Repeat each entry word for word. Leave any images out of the copy.

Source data
^^^^^^^^
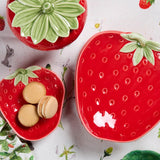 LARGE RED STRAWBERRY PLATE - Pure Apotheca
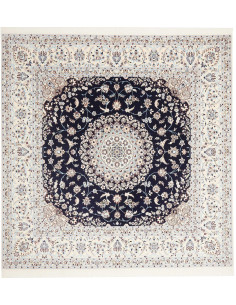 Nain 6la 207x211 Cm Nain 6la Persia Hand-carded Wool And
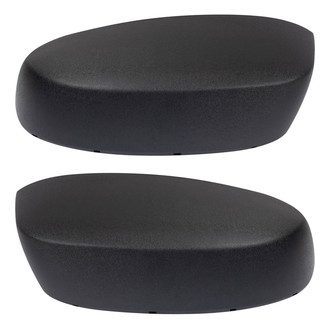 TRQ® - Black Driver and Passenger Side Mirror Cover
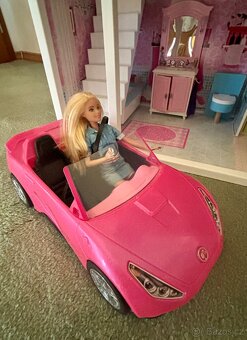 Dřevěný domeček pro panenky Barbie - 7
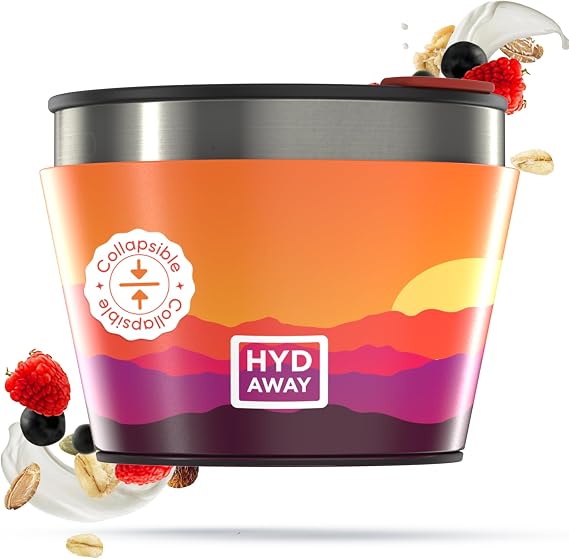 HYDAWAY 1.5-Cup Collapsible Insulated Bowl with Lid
^^^^^^^^
#### [Your solution]
 LARGE RED STRAWBERRY PLATE - Pure Apotheca
 Nain 6la 207x211 Cm Nain 6la Persia Hand-carded Wool And
 TRQ® - Black Driver and Passenger Side Mirror Cover
 Dřevěný domeček pro panenky Barbie - 7
 HYDAWAY 1.5-Cup Collapsible Insulated Bowl with Lid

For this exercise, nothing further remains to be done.